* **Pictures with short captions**
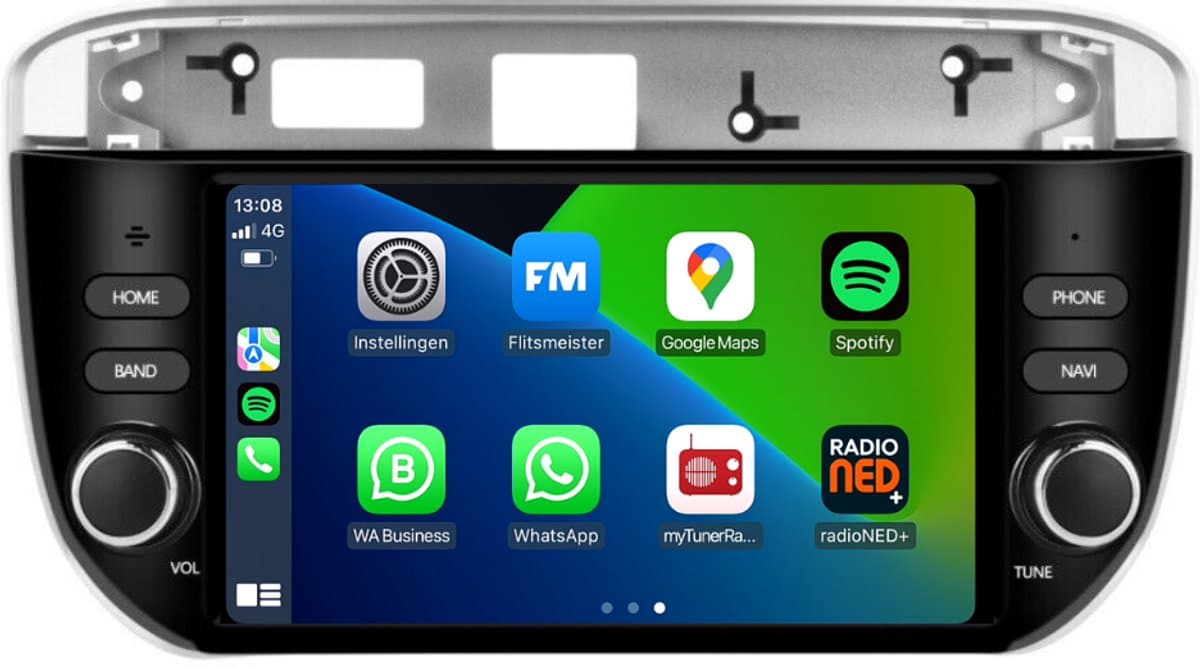 Carplay autoradio voor Fiat Punto Linea | 2010 t/m 2016 | Android 13 | Draadloos Apple Carplay & Android auto | 4GB + 64GB | 8-Core processor | Davilon | 2025 model | 2010 2011 2012 2013 2014 2015 2016 | Bluetooth & Wifi — afbeelding 1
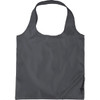 A foldable tote bag in a dark grey colour with a smooth finish and a logo on one side.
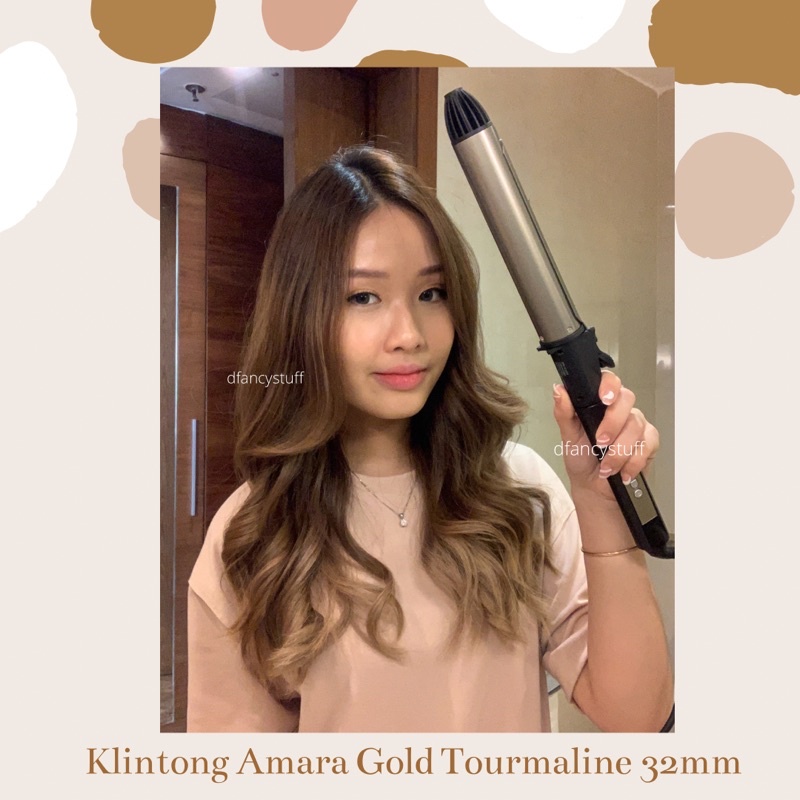 Klintong Amara Gold Tourmaline 28mm 32mm Original GARANSI 6 Bulan - catokan catok curly keriting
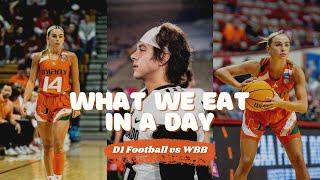 WHAT A D1 FOOTBALL PLAYER EATS IN A DAY VS WBB *University of Colorado & UMIAMI* Cavinder Twins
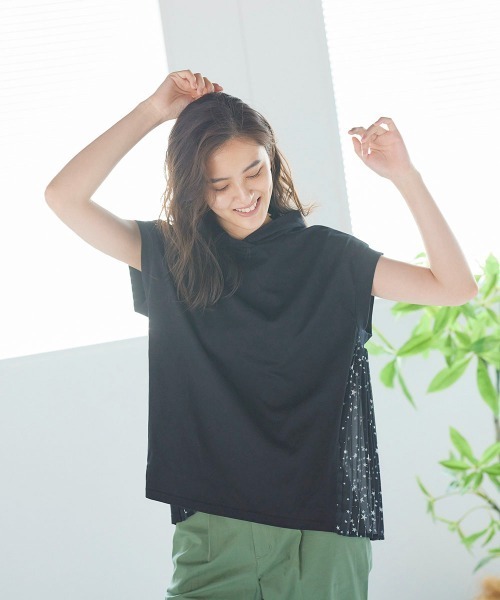 LIPSTAR（リップスター）の「星柄サイドプリーツパーカー（Tシャツ/カットソー・レディース・ブラック/ベージュ/オフホワイト・M）」の14枚目の写真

* **What you need to do**
Exactly the lines from the one with "WHAT A D1 FOOTBALL" through the end of the records should be written out, and only those. Pictures do not belong in the copy.

* **Result below**
 WHAT A D1 FOOTBALL PLAYER EATS IN A DAY VS WBB *University of Colorado & UMIAMI* Cavinder Twins
 LIPSTAR（リップスター）の「星柄サイドプリーツパーカー（Tシャツ/カットソー・レディース・ブラック/ベージュ/オフホワイト・M）」の14枚目の写真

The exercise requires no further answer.